_PROBLEM DESCRIPTION:_ Gather all lines in the entries below that include the word "Management".

_TASK DATA:_
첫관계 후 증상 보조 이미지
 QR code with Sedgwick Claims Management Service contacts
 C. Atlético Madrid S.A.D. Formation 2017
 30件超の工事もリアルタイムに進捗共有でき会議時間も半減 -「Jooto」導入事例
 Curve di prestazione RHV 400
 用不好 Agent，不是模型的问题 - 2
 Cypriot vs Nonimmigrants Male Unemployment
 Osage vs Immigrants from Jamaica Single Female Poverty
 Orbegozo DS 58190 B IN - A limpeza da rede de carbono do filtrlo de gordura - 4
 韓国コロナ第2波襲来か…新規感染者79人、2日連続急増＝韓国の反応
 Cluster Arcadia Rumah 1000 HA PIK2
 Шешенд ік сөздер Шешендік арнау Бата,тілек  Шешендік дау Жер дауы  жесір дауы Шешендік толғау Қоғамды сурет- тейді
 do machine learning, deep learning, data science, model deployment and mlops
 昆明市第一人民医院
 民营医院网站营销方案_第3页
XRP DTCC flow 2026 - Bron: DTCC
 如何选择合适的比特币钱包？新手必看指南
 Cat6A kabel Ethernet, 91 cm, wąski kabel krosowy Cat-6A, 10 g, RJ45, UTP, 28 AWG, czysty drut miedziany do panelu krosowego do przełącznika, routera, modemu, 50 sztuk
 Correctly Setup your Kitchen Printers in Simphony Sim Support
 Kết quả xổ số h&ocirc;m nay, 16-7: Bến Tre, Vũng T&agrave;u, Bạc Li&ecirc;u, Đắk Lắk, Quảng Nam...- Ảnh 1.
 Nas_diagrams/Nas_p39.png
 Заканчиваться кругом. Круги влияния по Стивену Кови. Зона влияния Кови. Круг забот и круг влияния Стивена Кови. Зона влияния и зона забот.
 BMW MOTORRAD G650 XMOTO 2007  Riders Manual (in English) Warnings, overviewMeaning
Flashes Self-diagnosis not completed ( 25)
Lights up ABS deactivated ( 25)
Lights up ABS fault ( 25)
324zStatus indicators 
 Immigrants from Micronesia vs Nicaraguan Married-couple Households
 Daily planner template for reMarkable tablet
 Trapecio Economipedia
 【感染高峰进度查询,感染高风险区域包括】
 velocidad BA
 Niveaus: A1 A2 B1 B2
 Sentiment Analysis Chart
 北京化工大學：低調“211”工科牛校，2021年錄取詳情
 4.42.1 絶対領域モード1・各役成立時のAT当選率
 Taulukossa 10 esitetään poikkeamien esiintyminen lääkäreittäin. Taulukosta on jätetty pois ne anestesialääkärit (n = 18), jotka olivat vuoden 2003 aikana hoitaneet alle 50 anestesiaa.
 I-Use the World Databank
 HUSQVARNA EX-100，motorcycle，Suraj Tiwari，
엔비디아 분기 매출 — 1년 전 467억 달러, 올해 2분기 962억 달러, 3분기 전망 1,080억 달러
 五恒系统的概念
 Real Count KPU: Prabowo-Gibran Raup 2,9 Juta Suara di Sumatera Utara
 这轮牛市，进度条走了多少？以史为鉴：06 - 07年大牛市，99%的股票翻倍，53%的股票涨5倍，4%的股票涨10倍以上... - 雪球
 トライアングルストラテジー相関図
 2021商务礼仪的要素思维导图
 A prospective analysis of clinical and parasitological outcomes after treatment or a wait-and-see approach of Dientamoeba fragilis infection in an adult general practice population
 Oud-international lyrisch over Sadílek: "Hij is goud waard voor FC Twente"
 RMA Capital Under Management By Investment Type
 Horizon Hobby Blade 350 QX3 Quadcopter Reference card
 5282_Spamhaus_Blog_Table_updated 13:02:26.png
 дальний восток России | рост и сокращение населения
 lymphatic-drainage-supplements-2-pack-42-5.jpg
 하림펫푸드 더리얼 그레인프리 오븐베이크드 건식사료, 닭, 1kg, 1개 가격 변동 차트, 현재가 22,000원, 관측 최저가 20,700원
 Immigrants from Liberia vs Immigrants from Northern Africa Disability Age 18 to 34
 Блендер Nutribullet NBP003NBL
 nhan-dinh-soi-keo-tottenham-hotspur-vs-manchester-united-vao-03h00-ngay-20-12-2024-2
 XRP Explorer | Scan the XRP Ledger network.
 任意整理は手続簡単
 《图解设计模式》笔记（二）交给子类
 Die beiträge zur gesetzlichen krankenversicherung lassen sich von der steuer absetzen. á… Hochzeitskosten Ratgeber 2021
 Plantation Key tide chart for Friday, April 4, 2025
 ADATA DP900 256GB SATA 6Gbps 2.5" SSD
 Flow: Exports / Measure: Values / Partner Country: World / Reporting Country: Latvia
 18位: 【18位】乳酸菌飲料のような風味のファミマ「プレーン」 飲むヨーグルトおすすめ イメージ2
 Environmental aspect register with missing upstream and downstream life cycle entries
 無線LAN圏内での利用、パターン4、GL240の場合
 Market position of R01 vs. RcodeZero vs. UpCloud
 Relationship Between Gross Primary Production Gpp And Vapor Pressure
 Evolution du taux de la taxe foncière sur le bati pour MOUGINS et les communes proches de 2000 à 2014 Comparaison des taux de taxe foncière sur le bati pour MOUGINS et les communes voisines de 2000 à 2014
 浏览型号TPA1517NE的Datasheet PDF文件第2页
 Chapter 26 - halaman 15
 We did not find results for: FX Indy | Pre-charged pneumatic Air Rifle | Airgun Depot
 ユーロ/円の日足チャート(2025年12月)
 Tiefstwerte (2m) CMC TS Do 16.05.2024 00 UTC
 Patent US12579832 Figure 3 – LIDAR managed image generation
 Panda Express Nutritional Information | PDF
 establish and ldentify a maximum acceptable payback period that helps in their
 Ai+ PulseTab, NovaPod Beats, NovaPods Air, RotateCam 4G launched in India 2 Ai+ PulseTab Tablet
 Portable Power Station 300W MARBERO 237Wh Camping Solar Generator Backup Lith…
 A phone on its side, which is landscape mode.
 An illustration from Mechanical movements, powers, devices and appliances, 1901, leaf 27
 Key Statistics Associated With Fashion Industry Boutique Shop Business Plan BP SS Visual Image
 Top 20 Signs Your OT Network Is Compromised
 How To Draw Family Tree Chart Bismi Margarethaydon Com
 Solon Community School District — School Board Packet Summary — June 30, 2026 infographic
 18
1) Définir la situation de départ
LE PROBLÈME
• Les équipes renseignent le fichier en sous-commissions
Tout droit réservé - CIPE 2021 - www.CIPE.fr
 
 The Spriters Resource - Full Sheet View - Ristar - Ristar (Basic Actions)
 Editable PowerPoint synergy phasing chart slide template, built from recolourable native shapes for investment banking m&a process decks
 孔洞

_EXERCISE RESULT:_
 QR code with Sedgwick Claims Management Service contacts
 RMA Capital Under Management By Investment Type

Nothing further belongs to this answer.